As the Supreme Court undermines the hard-fought advances and progress made throughout the last century, it points to ostensibly neutral methods of judicial and statutory interpretation and legal doctrines and theories that purportedly force it to reach the outcomes it does. The Court’s reliance on the major questions doctrine in limiting the EPA’s authority in West Virginia v. EPA, for example, is illustrative of this phenomenon. That doctrine gives unilateral authority to the Court to decide—in its own discretion—which issues are important enough to warrant the Court’s usurpation of agency actions. The decision to invoke this judge-made doctrine resulted in an outcome that limits the power of the administrative state—a conclusion that is wholly consistent with the ideology of the majority. 

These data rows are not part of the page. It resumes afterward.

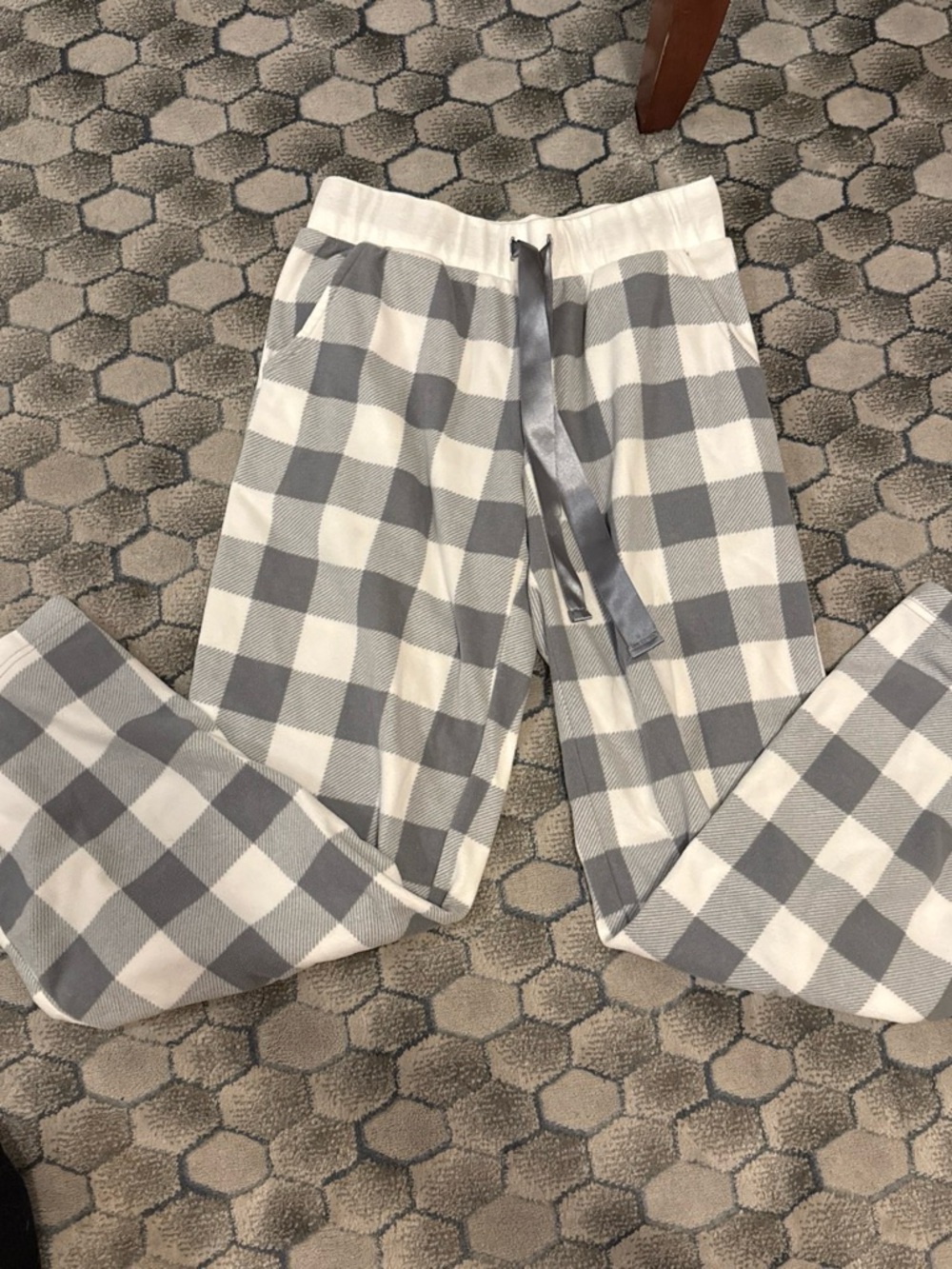 Magellan Outdoors Gray and White Check Women’s Pajama Bottoms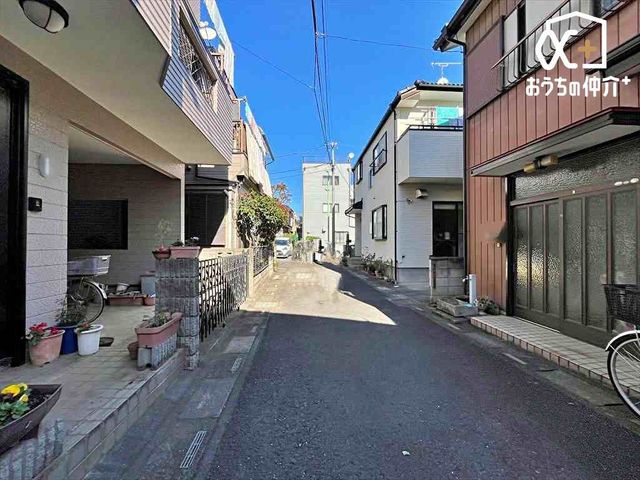 nynʐ^ 痣ꂽAÂŐS炮ZBƂԂ߂ɂ҂̃P[VłB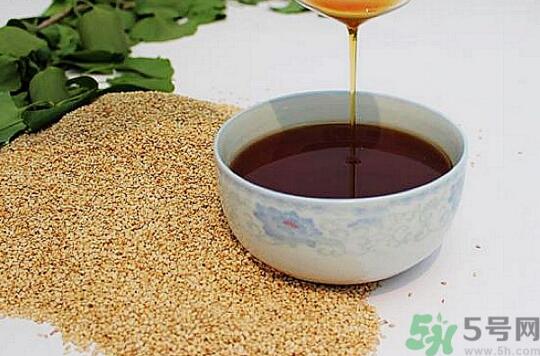 夏天小磨油要不要放冰箱？小磨油可不可以放冰箱？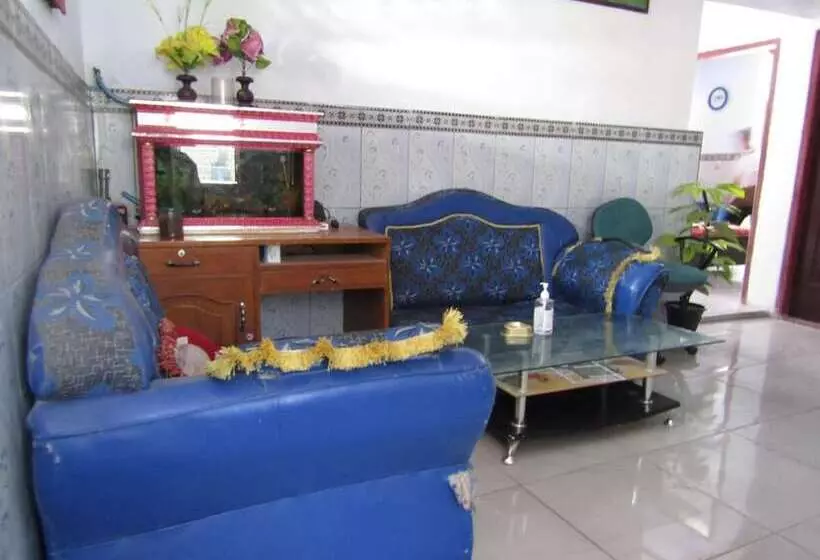 هتل Griyo Tombo Kangen
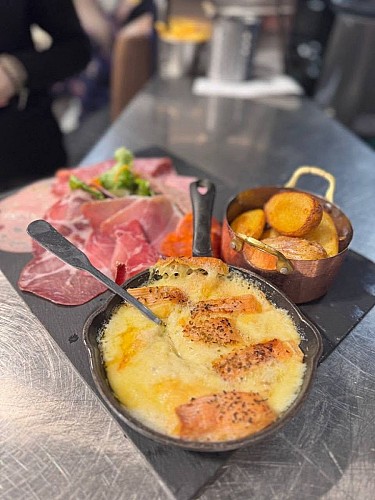 594298782_1461968019263822_3338993813583737354_n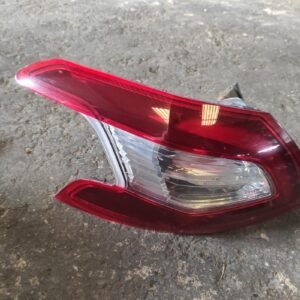 Piloto trasero izquierdo Peugeot 308 II 1.6 BlueHDi (120 cv) Automatico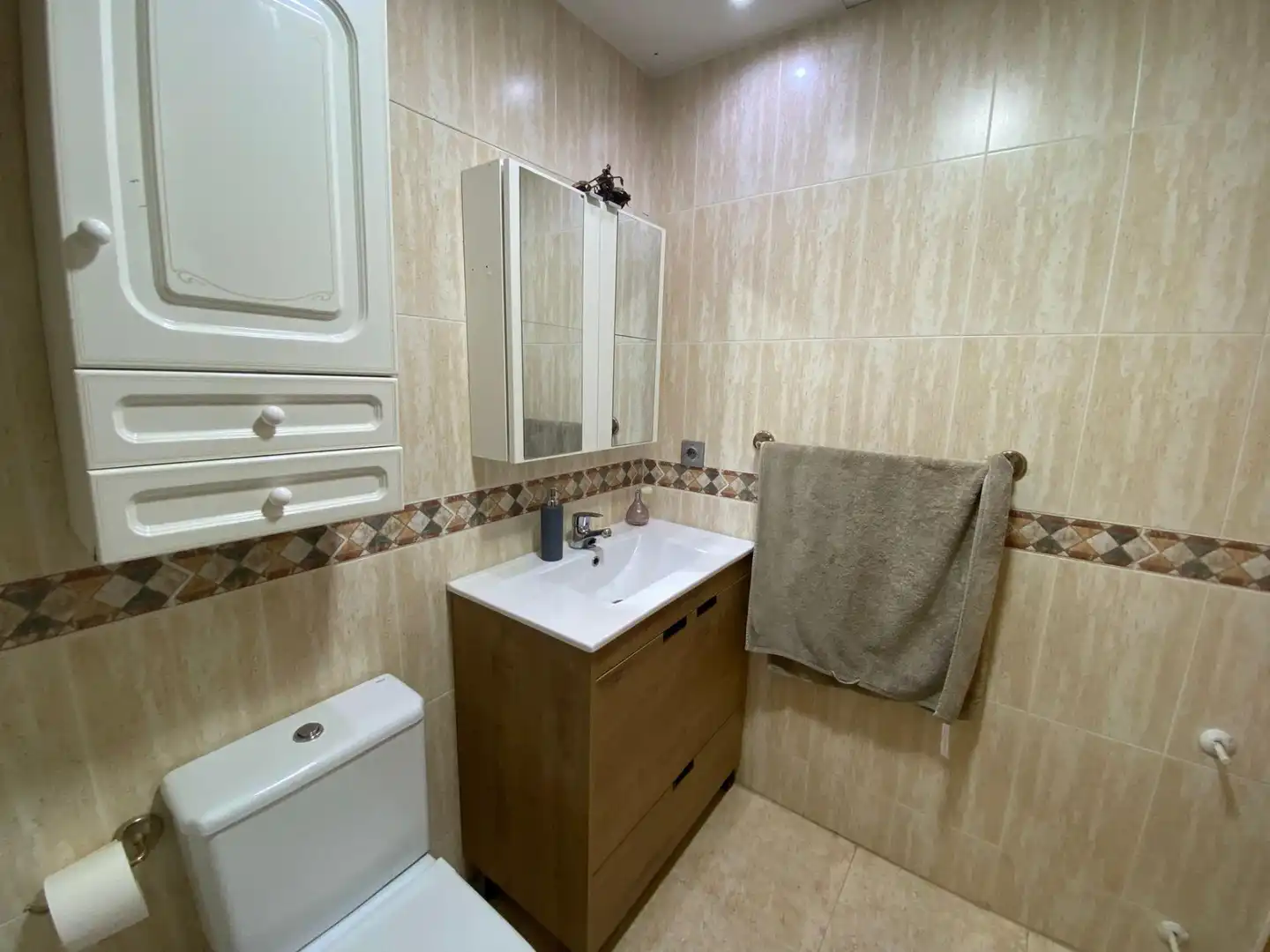 Badezimmer von Haus oder Chalet zum Verkauf in Monforte del Cid mit Klimaanlage, Privatgarten und Terrasse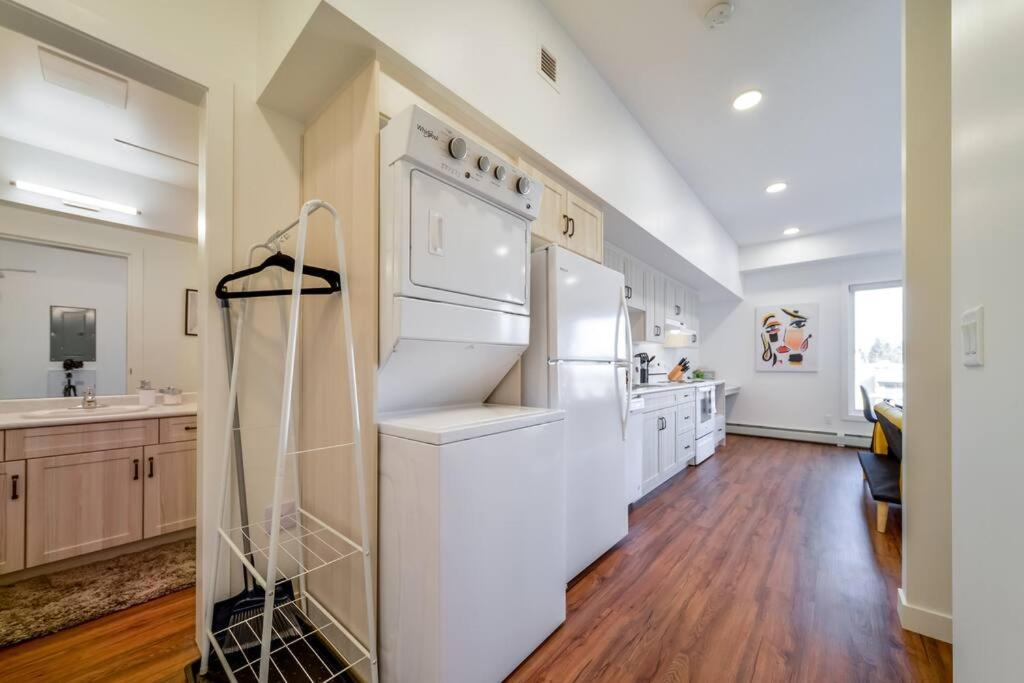 Lovers Tropical Bahamas King U/g Wifi Apartment Edmonton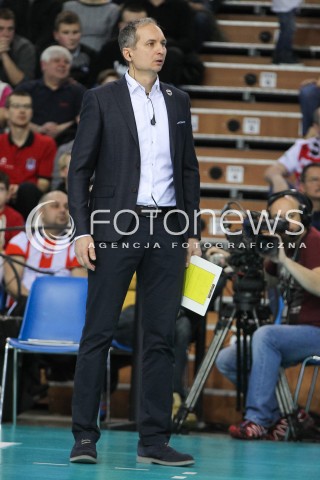  16.01.2016 RZESZOW<br />SIATKOWKA PLUSLIGA 2015/2016 MEN VOLLEYBALL POLAND POLISH PLUS LIGA LEAGUE SEASON 2015/2016<br />MECZ ASSECO RESOVIA RZESZOW - LOTOS TREFL GDANSK <br />N/Z ANDRZEJ KOWAL - I TRENER ( HEAD COACH ) SYLWETKA <br /> 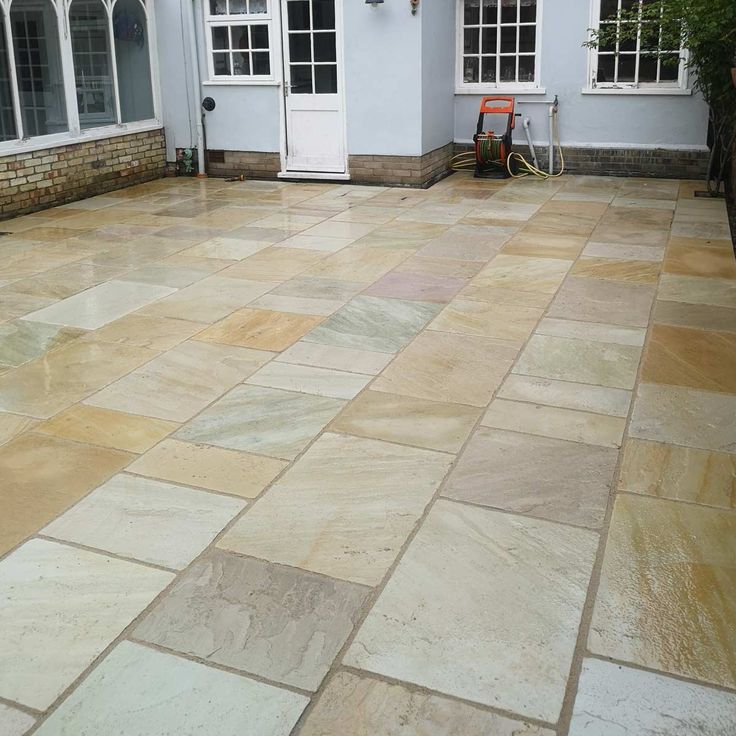 Load image into Gallery viewer, Mint Fossil Indian Sandstone Paving - Patio Pack - Mixed Sizes - Tumbled &amp; Riven
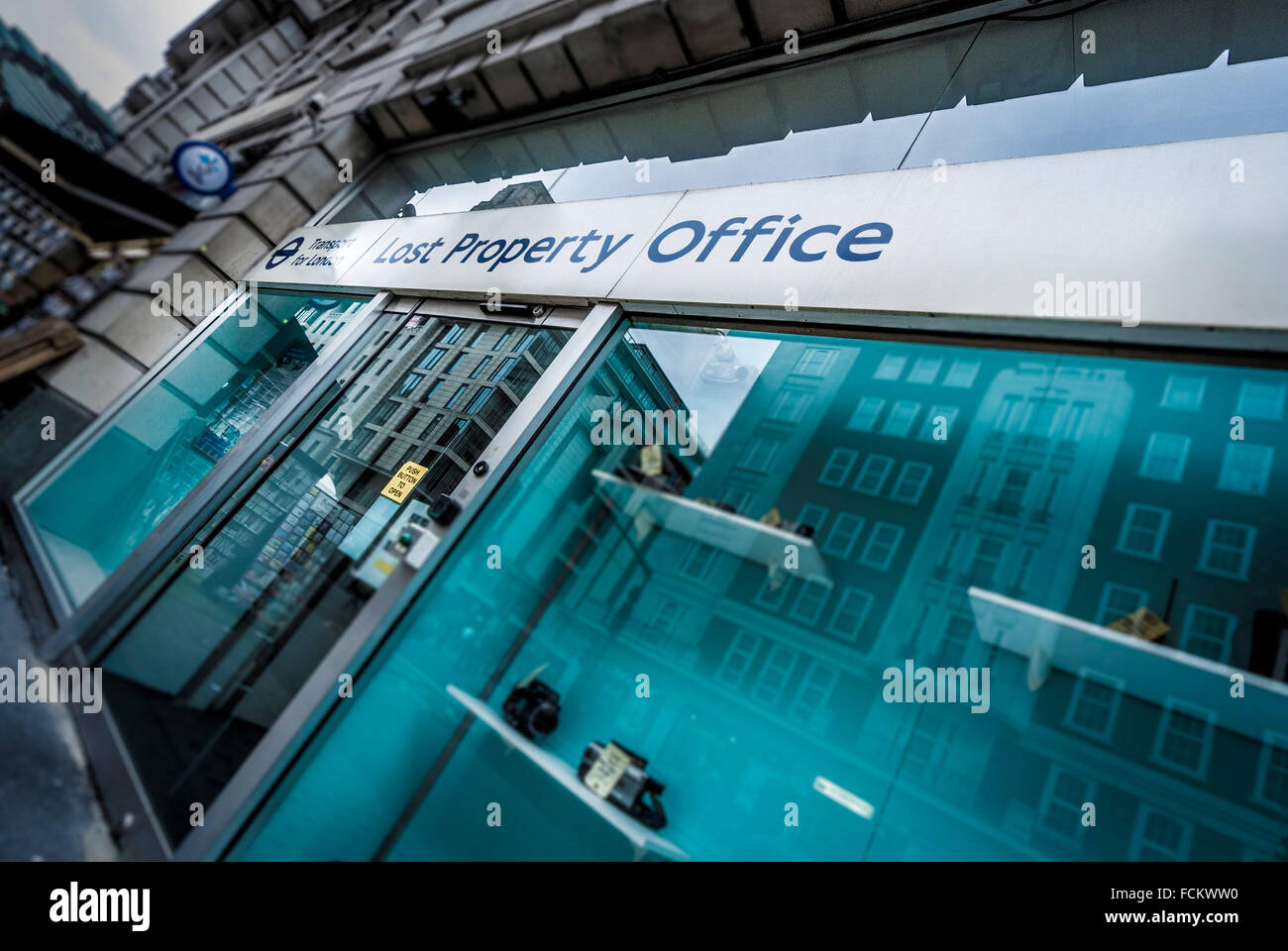 Trasporto per Londra Oggetti Smarriti, Londra, Regno Unito. Foto Stock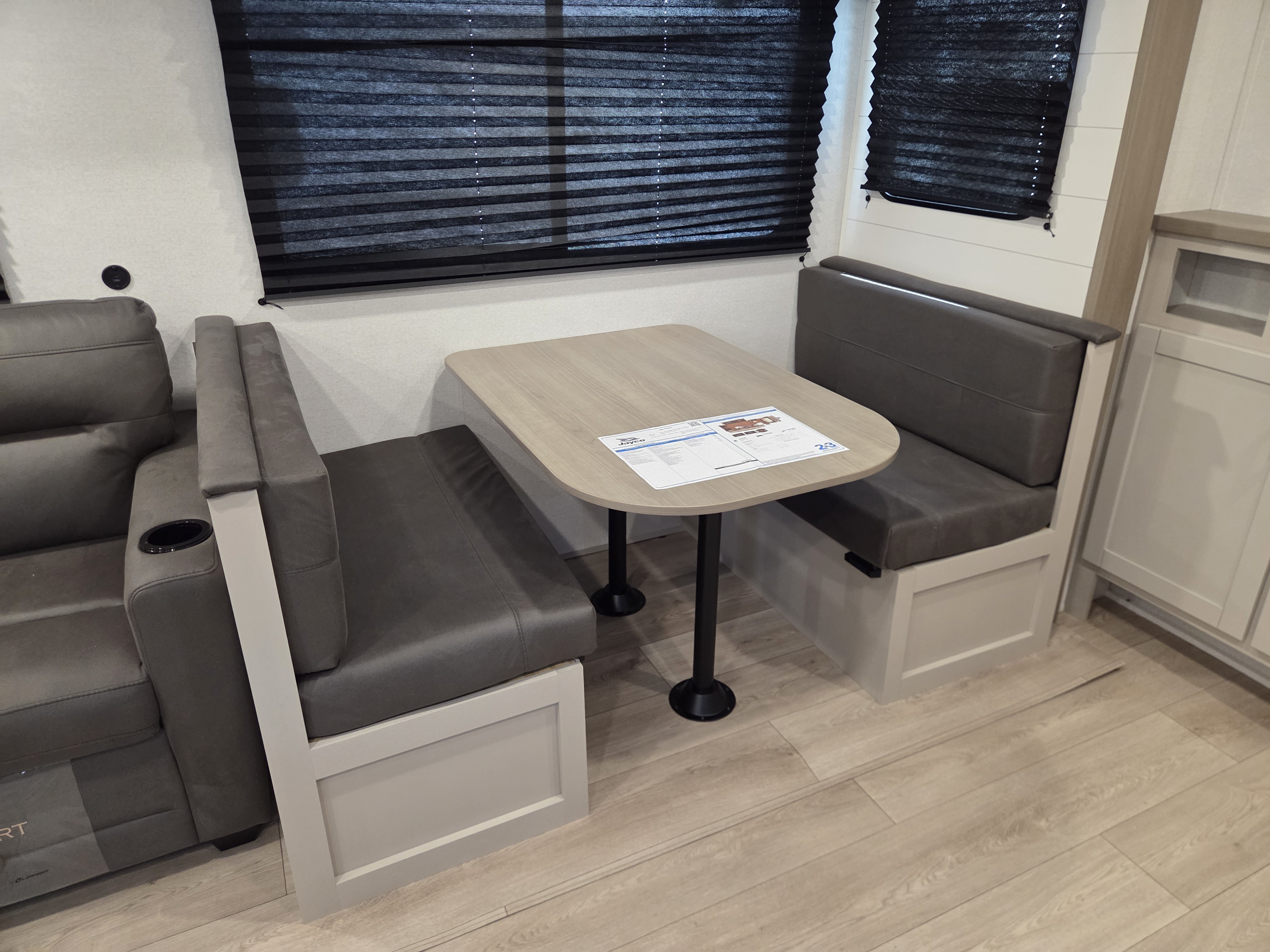 2027 Jayco Jay Flight 262RLS, $ 27,999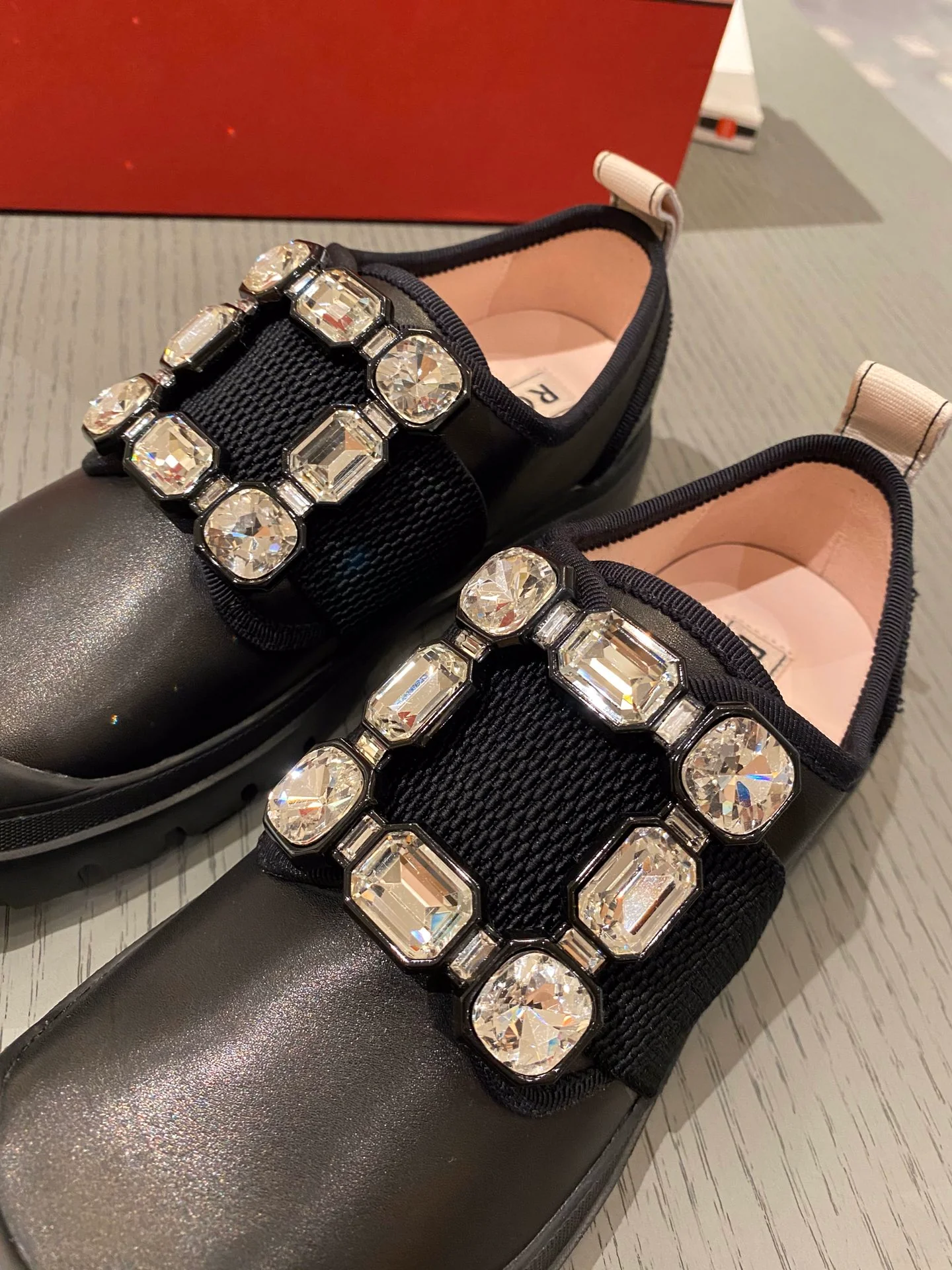 Кожаные лоферы с пряжками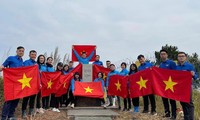 Tuổi trẻ Đoàn khối các cơ quan tỉnh chung tay xây dựng đường lên cột mốc biên giới -Ảnh: Duy Chiến 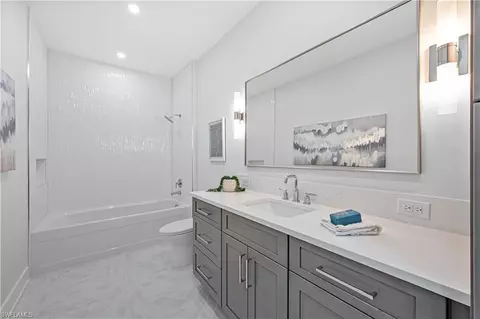 Bath - 3133 Terramar Dr, Naples, FL 34119 photo 5 of 6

This is not a new development—Supreme Court decisions often track closely with individual justices’ policy preferences. But as the court has drifted further and further to the right, the conservative justices appear increasingly comfortable with utilizing whichever doctrinal and interpretive vehicles will allow them to reach the outcomes they want. Any purported commitments to one school of jurisprudence or interpretation over another should be seen for what they really are—convenient tools that can be used as justifications to embrace or abandon a particular outcome consistent with the ideology of any given justice.

The Court’s raw exercise of political power this term to undermine egalitarian, multiracial democracy and restrict the administrative state is reminiscent of the activist Court that attempted to hamstring FDR’s New Deal. President Roosevelt’s fireside chat on the Supreme Court in 1937 can be instructive for our response today:

The Courts … have cast doubts on the ability of the elected Congress to protect us against catastrophe by meeting squarely our modern social and economic conditions … During the past half century the balance of power between the three great branches of the Federal Government has been tipped out of balance by the Courts in direct contradiction of the high purposes of the framers of the Constitution.

FDR sought to use the full power of the federal government to solve the challenges of the day, and understood it as squarely within his role and responsibility to reshape the institutions of government to get there. 

Today’s leaders have something to learn from FDR’s legacy. They must confront this far-right Court, pass Court reform measures, and fight for their constituencies’ freedom and agency from reactionary forces. Our democracy and environment depend on it.